Is comparing text files with completely ignoring line terminators possible?

24
Basic UserBasic User
24

    Dec 10, 2010#1

    Why do the File Ignore Options (IGNORE BLANK LINES IGNORE BLANK SPACE, IGNORE CASE & IGNORE LINE TERMINATORS ) not work when comparing 2 files of the same type (text in this case) where the only difference between them is the number of spaces and/or case and/or lines?

    For example if file 1 has this:

    Code: Select all

    See the brown dog run over the Red Moon
    And File 2 has this:

    Code: Select all

      SEE   the BROWN DOG 
      run 
    over THE    RED 
    Moon
    And I have all 4 File Ignore Options checked then to me these 2 files should logically be the same since the only difference between them is 1 or more of the 4 things that I told it to ignore. And yet UltraCompare does not see these 2 files as identical even when all 4 File Ignore Options are checked.

    Does anyone know why?

    Thanks

    6,675585
    Grand MasterGrand Master
    6,675585

      Dec 11, 2010#2

      That can be answered by reading the first sentence on help page Ignore Line Terminators (Options menu):

      This item may be selected to allow the active compare to ignore line terminator differences (DOS/UNIX/MAC) when comparing files for differences.
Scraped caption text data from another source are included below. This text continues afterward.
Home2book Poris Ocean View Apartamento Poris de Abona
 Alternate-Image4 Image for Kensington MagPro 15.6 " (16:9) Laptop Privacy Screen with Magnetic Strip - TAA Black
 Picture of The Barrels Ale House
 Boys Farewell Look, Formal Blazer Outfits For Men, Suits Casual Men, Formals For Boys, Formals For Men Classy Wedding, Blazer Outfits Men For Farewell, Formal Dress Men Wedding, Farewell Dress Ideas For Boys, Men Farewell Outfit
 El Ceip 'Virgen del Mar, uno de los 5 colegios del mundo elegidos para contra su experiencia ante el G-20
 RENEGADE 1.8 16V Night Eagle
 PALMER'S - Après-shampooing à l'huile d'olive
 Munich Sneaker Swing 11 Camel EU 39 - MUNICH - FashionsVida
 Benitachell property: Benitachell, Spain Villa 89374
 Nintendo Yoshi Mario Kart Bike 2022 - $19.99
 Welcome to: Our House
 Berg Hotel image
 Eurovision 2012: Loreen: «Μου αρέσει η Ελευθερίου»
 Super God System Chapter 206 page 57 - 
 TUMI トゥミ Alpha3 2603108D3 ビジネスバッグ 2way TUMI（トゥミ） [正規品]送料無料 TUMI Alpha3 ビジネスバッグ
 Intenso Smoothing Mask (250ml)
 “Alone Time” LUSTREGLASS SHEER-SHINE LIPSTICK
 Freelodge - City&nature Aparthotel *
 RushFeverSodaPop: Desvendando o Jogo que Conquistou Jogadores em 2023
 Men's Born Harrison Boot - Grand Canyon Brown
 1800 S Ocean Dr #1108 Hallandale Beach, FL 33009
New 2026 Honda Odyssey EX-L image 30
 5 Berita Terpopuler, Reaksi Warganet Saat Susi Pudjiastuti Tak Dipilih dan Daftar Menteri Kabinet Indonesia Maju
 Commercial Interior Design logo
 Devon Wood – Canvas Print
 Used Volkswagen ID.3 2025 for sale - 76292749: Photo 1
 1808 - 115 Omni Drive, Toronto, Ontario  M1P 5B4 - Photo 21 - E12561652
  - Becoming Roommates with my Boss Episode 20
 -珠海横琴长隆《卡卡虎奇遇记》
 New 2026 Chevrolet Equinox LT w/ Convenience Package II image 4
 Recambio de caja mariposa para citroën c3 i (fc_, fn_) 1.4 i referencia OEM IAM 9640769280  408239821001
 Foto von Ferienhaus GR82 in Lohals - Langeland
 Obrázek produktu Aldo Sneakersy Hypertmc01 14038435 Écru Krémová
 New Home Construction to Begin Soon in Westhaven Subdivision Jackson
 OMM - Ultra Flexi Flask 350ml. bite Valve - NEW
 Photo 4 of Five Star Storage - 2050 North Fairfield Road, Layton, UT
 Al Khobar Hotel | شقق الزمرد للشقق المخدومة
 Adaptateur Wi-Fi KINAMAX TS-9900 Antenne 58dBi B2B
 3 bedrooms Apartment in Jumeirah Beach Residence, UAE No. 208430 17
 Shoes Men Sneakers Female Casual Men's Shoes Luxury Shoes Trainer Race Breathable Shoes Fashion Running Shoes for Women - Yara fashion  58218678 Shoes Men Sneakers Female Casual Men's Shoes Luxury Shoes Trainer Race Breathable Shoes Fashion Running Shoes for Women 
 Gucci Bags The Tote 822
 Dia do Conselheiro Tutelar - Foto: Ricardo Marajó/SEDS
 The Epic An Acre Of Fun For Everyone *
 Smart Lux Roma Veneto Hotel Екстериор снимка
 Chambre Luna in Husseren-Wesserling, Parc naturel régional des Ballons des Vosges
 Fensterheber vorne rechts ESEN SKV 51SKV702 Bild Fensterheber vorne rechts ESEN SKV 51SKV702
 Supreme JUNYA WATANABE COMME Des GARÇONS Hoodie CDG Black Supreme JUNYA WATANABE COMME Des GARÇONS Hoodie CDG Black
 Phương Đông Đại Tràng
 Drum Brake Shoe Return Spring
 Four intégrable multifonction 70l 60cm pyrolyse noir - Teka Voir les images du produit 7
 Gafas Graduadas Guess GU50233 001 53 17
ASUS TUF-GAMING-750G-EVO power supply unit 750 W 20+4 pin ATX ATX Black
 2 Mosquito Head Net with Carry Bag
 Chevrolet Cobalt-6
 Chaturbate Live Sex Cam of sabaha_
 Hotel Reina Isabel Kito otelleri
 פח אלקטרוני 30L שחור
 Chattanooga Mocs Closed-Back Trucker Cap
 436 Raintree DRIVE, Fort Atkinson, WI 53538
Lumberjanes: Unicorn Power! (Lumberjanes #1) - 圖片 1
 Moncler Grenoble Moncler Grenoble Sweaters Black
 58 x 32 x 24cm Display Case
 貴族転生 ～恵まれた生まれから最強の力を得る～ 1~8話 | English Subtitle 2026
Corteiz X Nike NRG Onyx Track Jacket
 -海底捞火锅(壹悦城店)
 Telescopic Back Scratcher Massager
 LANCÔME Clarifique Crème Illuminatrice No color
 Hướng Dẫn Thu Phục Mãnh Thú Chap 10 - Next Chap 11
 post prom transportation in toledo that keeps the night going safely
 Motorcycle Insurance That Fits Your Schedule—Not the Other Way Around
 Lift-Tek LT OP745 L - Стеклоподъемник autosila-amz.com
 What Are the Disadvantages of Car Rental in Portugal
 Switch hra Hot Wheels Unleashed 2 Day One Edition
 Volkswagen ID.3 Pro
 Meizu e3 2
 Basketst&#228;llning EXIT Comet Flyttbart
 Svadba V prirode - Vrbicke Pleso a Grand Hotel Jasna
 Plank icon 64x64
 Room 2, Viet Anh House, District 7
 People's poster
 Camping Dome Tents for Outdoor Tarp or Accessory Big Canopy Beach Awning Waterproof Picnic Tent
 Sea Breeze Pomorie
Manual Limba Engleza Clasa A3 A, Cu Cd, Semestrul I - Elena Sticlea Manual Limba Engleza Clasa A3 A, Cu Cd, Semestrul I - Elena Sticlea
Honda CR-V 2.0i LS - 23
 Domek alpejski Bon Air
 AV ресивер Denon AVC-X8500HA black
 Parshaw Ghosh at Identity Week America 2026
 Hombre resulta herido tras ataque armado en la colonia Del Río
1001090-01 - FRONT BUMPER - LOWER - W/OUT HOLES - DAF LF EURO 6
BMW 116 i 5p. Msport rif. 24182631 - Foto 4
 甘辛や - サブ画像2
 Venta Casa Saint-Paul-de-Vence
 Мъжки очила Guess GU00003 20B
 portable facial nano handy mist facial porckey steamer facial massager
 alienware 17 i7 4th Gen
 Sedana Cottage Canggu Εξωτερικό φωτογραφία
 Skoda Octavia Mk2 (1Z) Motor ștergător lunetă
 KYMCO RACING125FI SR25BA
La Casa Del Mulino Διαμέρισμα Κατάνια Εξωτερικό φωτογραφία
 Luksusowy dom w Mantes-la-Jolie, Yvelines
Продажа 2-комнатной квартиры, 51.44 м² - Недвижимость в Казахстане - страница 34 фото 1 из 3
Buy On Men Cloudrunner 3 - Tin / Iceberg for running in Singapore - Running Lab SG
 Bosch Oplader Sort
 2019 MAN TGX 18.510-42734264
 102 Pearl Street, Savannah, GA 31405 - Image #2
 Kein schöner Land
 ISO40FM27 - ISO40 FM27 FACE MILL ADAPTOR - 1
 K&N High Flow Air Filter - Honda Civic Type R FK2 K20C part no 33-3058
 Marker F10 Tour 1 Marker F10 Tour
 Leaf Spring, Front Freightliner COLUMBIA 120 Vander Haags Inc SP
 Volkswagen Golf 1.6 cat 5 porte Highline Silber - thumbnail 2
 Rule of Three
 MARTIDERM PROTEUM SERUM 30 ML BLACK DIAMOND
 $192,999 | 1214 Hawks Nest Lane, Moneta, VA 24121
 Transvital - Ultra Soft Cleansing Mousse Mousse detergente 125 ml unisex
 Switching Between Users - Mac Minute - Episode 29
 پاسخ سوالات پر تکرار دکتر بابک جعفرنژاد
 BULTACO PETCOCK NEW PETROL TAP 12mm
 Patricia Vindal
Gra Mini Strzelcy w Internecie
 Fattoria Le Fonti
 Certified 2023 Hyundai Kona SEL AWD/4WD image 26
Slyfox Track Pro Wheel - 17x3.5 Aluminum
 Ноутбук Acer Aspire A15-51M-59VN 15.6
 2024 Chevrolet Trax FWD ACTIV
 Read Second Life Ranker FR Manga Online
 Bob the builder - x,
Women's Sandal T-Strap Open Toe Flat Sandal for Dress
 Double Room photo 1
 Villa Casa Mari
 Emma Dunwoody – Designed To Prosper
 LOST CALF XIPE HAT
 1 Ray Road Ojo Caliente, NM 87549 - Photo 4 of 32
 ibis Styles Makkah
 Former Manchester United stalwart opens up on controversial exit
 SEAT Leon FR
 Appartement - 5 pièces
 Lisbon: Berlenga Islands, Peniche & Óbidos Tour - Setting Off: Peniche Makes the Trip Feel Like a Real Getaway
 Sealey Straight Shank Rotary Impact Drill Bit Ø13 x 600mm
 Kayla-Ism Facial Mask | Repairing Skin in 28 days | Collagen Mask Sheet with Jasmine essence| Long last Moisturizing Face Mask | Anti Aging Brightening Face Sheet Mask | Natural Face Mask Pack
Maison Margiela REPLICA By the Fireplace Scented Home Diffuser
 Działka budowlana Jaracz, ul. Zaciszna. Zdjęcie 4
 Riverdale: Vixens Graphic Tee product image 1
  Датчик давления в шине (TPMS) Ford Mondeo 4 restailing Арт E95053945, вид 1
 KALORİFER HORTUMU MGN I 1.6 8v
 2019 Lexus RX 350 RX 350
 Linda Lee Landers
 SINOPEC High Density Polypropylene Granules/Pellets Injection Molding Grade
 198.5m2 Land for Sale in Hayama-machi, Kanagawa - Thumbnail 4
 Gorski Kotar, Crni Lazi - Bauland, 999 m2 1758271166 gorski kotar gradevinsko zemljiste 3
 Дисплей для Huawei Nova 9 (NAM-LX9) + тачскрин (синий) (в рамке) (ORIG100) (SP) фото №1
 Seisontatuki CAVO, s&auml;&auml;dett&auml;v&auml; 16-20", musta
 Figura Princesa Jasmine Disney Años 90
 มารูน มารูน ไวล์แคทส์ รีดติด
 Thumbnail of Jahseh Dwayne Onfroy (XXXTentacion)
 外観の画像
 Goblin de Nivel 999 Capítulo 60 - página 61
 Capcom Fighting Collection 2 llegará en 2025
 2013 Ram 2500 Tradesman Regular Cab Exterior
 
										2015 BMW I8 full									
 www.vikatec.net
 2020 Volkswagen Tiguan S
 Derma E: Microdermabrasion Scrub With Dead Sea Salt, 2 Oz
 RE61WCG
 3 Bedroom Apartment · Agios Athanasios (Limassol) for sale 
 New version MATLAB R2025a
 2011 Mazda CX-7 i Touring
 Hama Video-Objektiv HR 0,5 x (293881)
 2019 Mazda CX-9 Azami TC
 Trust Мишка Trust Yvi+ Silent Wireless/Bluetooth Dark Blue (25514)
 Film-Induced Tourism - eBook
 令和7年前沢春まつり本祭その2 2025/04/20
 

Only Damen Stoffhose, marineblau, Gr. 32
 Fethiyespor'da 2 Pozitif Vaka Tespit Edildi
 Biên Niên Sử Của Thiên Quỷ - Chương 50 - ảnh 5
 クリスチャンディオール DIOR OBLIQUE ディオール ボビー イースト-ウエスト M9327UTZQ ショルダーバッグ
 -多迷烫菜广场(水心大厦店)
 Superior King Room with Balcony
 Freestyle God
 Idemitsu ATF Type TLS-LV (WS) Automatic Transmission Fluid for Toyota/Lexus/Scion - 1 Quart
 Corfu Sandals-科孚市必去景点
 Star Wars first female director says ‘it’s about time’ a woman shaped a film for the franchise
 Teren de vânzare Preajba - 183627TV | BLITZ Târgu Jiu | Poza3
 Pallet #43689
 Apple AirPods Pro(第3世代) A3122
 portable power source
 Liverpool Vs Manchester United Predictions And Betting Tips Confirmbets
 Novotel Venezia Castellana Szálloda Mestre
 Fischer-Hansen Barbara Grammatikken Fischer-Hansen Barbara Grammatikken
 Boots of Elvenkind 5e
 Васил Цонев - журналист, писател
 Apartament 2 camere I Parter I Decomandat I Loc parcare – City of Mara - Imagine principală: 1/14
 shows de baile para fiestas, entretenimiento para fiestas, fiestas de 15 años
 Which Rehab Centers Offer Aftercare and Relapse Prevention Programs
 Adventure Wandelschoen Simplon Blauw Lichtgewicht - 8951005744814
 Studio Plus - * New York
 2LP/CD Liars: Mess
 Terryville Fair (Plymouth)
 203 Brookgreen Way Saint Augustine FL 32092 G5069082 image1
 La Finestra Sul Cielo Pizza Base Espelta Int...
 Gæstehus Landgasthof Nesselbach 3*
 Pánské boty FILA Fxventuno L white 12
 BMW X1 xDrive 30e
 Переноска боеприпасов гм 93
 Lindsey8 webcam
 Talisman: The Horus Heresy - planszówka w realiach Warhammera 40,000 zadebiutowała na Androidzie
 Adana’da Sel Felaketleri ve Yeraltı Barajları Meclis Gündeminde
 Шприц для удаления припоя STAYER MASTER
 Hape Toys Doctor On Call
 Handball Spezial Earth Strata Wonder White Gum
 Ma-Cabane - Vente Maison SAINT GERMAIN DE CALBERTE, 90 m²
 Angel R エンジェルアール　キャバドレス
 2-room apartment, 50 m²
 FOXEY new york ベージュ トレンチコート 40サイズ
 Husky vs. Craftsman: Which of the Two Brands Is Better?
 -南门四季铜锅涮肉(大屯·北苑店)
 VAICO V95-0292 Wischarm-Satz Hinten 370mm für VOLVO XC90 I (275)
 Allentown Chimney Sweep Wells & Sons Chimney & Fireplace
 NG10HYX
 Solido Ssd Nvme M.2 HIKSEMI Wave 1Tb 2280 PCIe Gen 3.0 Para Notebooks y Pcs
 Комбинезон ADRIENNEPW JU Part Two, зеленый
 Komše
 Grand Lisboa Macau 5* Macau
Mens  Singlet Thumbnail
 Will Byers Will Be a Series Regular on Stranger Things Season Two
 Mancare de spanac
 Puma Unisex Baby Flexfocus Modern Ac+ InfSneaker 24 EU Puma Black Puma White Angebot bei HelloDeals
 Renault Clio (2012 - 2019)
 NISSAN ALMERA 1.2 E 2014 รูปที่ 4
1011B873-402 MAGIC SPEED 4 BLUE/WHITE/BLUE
      A text compare in UltraCompare is always a line by line comparison. It is not possible to compare text with ignoring the line terminators completely and read/compare the entire file as single line text. The option Ignore Line Terminators is just for being able to compare files with different types of line terminators like a DOS text file with carriage return + line-feed as line terminator with a UNIX text file with just line-feed as line terminator.
      Best regards from an UC/UE/UES for Windows user from Austria

      24
      Basic UserBasic User
      24

        Jan 11, 2011#3

        Mofi,

        "It is not possible to compare text with ignoring the line terminators completely and read/compare the entire file as single line text."

        UC might not be able to do this, but it is by design and therefore intentional and not that way simply because it is something that can’t be done period. I'm not disputing the problems with comparing 2 different file types, but when you have 2 files of identical type with simply different text you should be able to compare them and ignore the line especially in a program you pay for as opposed to free or shareware.

        While this limitation in UC may seem like a dumb inquiry it is not and I doubt I am the only person to every wonder why UC cannot do this. One would think an application for comparison would be able to do this kind of thing.

        Thank you for your time

        901
        MasterMaster
        901

          Jan 12, 2011#4

          YSLGuru wrote:Why do the File Ignore Options (IGNORE BLANK LINES IGNORE BLANK SPACE, IGNORE CASE & IGNORE LINE TERMINATORS ) not work...
          Actually, I can tell you why. Most compare tools, including UltraCompare, do a line-by-line comparison and will not recognize a single line on one side being spread over multiple lines on the other side. The "IGNORE LINE TERMINATORS" doesn't actually mean to ignore the line terminators (pretend that they are not there). It means, "Ignore different kinds of line terminators". In other words, if one file has DOS line terminators (CRLF) and another file has Unix line terminators (LF without the CR), then UltraEdit will not consider the files to be different simply because of the different line terminators.

          1
          NewbieNewbie
          1

            Jan 12, 2011#5

            So what you are saying is that the same document where word wrapping takes place in different places in the line will always have differences on every line. To get a better compare each paragraph should be unwrapped. That's the only solution?

            6,675585
            Grand MasterGrand Master
            6,675585

              Jan 19, 2011#6

              To compare text files paragraph by paragraph it is necessary to remove line breaks inside the paragraphs, so that the paragraphs are not only visually for humans a paragraph, but are also a paragraph for word processing, text editing and text compare applications. Text files with line breaks inside paragraphs are often produced by copying text from word processing applications (MS WORD, OpenOffice Write) or from PDF Readers into a text file or saving *.doc, *.pdf, etc. as text file, so that paragraphs in text files look like the soft wrapped text in the *.doc, *.pdf, etc.

              That can be done in UltraEdit quite easily. Open both files (or a copy of both files), execute first Format - Trim Trailing Spaces to get rid of whitespaces at end of lines and visually empty lines, next run Format - Convert CR/LFs to Wrap. Additionally you might want to remove multiple spaces/tabs in the paragraphs which you can do with a regular expression replace as posted at Remove double or extra spaces. Last at end of file the single space should be replaced by a line terminator to terminate also the last paragraph by pressing Ctrl+End, Shift+LEFT ARROW and RETURN.

              I wrote quickly an UE/UES macro for that job with some additional commands. The macro property Continue if search string not found must be checked for this macro to convert a bad formatted text file with line breaks inside paragraphs to a well formatted text file.

              Code: Select all

              InsertMode
              ColumnModeOff
              HexOff
              UnixReOff
              Top
              TrimTrailingSpaces
              ReturnToWrap
              TabsToSpaces
              Find RegExp "  +"
              Replace All " "
              Find RegExp "% +"
              Replace All ""
              Bottom
              IfColNumGt 1
              Key LEFT ARROW
              IfCharIs 32
              Delete
              EndIf
              InsertLine
              EndIf
              Top
              Of course that UltraEdit/UEStudio macro is useful only for files containing real text and not for files containing program/script code or lists.
              Best regards from an UC/UE/UES for Windows user from Austria

              24
              Basic UserBasic User
              24

                Dec 06, 2011#7

                Thanks for the suggestion Mofi. I realized I'm very slow to reply back, but I am just getting back to delaying with this quirk using UC.


                Thanks again